# WORK TASK:
Search the material below for the string "Women". Return every line that holds it.

# EXERCISE DATA:
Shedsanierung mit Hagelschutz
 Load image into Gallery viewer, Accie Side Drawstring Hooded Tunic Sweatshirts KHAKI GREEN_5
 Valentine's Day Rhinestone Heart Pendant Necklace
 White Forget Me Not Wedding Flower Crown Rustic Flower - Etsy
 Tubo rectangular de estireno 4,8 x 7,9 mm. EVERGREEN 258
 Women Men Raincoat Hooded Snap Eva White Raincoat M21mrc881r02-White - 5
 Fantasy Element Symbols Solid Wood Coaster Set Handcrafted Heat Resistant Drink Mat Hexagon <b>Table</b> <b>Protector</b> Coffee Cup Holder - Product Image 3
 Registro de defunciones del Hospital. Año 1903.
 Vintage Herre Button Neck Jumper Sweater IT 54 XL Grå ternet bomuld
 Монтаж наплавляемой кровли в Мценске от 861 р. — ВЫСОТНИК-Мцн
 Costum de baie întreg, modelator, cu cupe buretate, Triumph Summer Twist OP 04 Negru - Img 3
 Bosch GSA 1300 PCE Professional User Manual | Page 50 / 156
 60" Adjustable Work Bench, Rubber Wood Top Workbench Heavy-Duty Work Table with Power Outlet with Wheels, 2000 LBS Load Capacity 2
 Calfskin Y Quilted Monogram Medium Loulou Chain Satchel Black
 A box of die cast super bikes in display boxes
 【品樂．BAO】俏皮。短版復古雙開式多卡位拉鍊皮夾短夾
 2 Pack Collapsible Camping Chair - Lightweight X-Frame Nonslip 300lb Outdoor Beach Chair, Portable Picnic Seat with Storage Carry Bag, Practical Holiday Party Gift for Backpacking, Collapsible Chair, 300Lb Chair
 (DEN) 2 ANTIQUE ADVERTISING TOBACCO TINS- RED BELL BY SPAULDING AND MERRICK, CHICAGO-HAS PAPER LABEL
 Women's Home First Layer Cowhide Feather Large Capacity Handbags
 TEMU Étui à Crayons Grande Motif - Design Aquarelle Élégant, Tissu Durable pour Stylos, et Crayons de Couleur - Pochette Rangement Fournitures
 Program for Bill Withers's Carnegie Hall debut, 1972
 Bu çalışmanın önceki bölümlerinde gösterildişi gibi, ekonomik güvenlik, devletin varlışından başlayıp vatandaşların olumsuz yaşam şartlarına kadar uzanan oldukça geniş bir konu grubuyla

# EXERCISE ANSWER:
 Women Men Raincoat Hooded Snap Eva White Raincoat M21mrc881r02-White - 5
 Women's Home First Layer Cowhide Feather Large Capacity Handbags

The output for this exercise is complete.